WHAT YOU NEED TO DO – When you return the data, keep every line exactly as it is and leave out the pictures.

(DATASET EXCERPTS Opens)

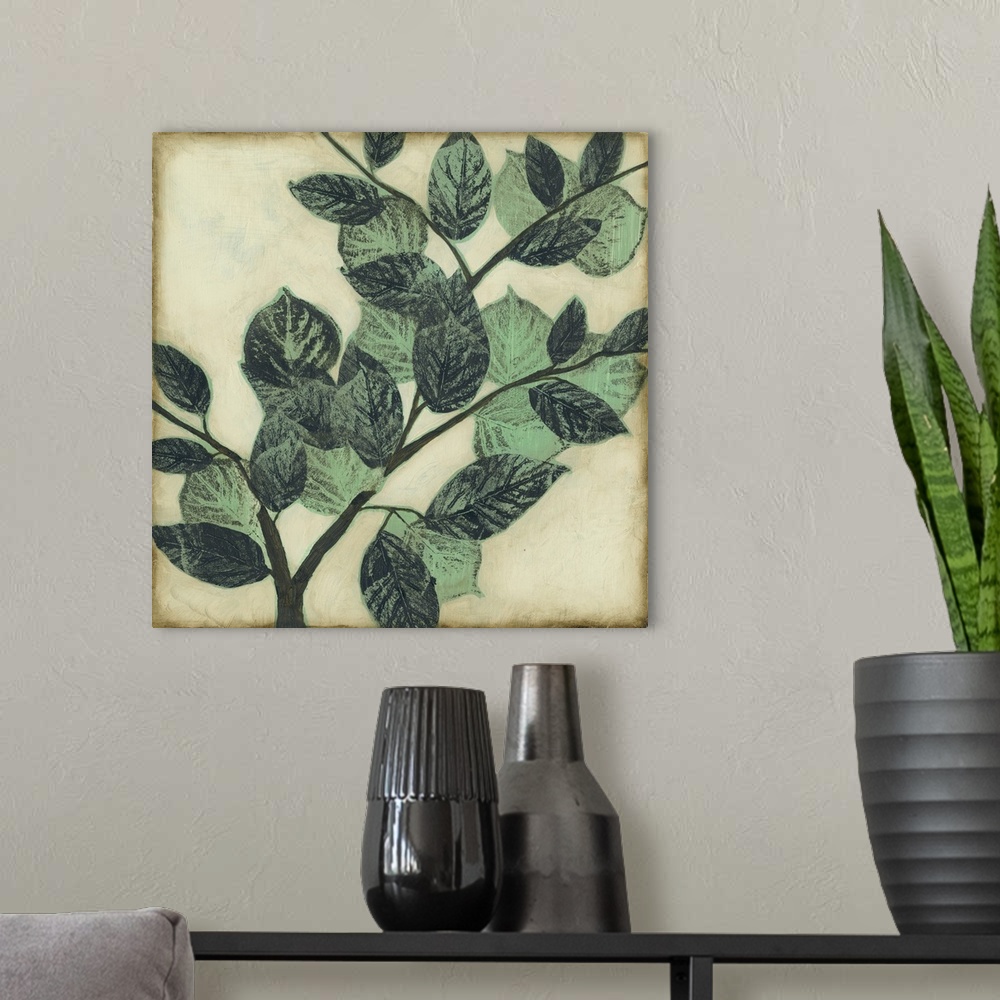A modern room featuring Home decor artwork of muted green leaves on a twig against a light pale green background.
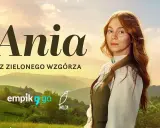 Ania z Zielonego Wzgórza, rudowłosa dziewczynka z piegami, patrzy zza zielonych wzgórz.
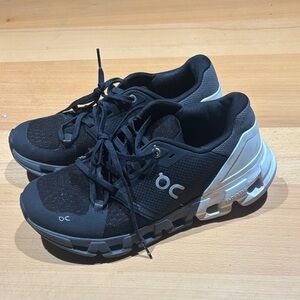 On Running Black and White Sneakers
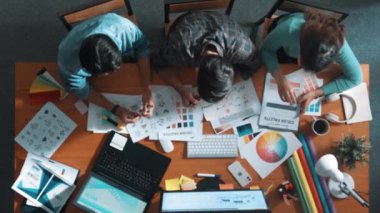 Tasarımcı fikirleri yazarken proje yöneticisinin yukarıdan aşağıya bakan görüntüsü. Akıllı iş adamları logo tasarımı fikrini açıklarken tasarımcılar palete bakarken temayı seçiyorlar. Sempozyum.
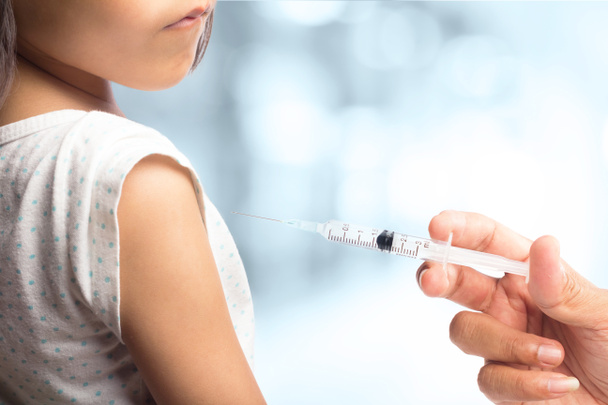 cropped shot of girl during Vaccination - Φωτογραφία, εικόνα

(DATASET EXCERPTS Closes)

ANSWER SECTION –
A modern room featuring Home decor artwork of muted green leaves on a twig against a light pale green background.
 Ania z Zielonego Wzgórza, rudowłosa dziewczynka z piegami, patrzy zza zielonych wzgórz.
 On Running Black and White Sneakers
 Tasarımcı fikirleri yazarken proje yöneticisinin yukarıdan aşağıya bakan görüntüsü. Akıllı iş adamları logo tasarımı fikrini açıklarken tasarımcılar palete bakarken temayı seçiyorlar. Sempozyum.
 cropped shot of girl during Vaccination - Φωτογραφία, εικόνα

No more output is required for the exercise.